- Djidja Location in Benin
- Coordinates: 7°20′N 1°56′E﻿ / ﻿7.333°N 1.933°E
- Country: Benin
- Department: Zou Department

Area
- • Total: 843 sq mi (2,184 km^{2})

Population (2013)
- • Total: 123,542
- • Density: 100/sq mi (39/km^{2})
- Time zone: UTC+1 (WAT)

= Djidja =

 Djidja /fr/ is a town, arrondissement, and commune in the Zou Department of south-western Benin. The commune covers an area of 2184 square kilometres and as of 2013 had a population of 123,542 people.

==Geography==
Djidja (Djomla) is located 24 kilometres northeast of Abomey and 163 kilometres from Cotonou. It is bounded to the southwest by Couffo, east by the communes of Za-Kpota and Cove and the north by Collines. A main road passes from south to north, but it is hardly passable during the rainy season forcing all users to comply with an average speed of safety of about 40 km / hour (about 25 minutes travel from Abomey).

Djidja is cosmopolitan and has a population of 84,590 inhabitants spread over an area of 2184km ².
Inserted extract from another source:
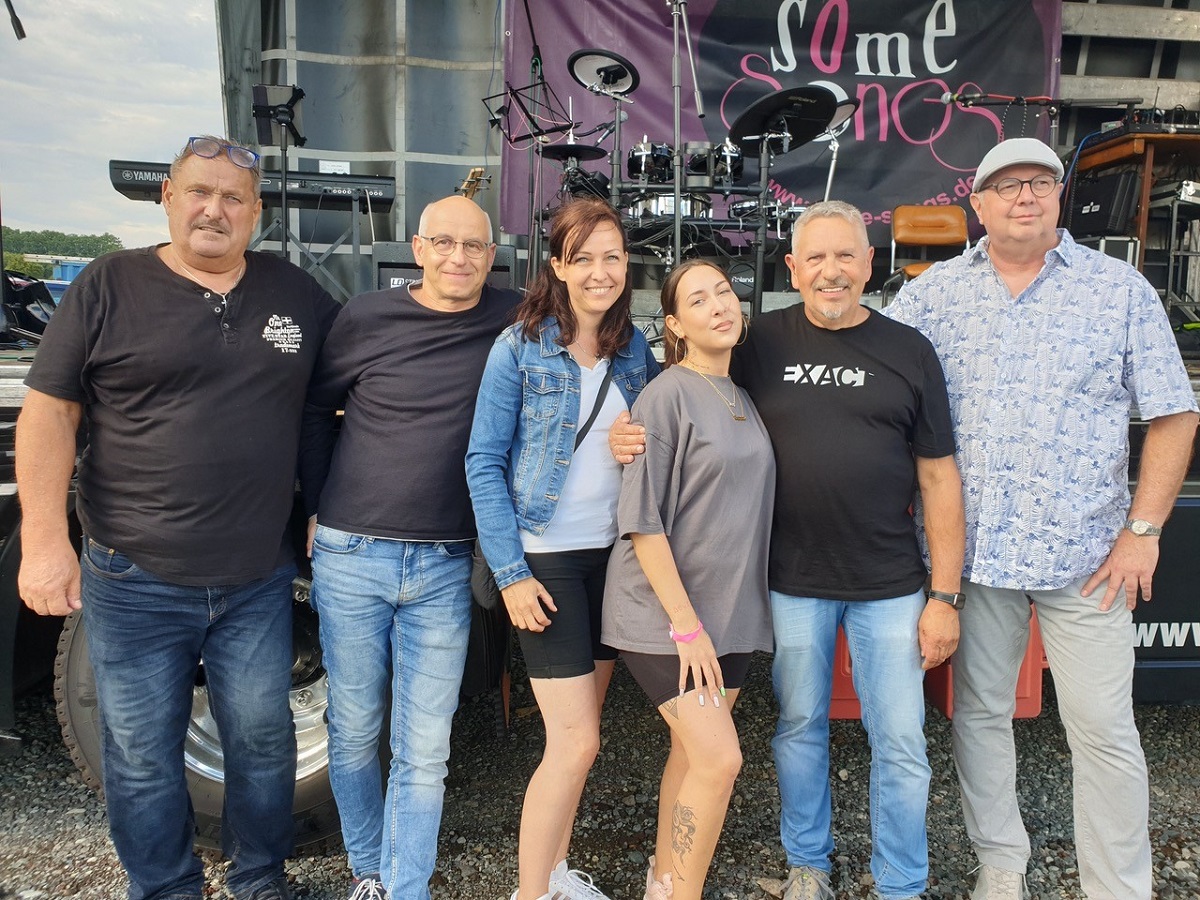 "Somesongs" tritt dieses Mal mit der neuen Sngerin Jessie auf. (Foto: Uli Altrichter)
==Administrative divisions==
Djidja is subdivided into 12 arrondissements; Djidja, Agondji, Agouna, Dan, Dohouimè, Gobé, Oungbègamè, Monsourou, Mougnon, Outo, Setto, Zoukou. They contain 64 villages and 11 city districts.

==Economy==
90% of the population are engaged in agricultural activities followed by trade, transportation and handicrafts. 147 300,00 hectares of land are devoted to agriculture, accounting for 38.76% of the total population. The main crops grown are maize, cotton, cowpeas, peanuts, yams and cassava.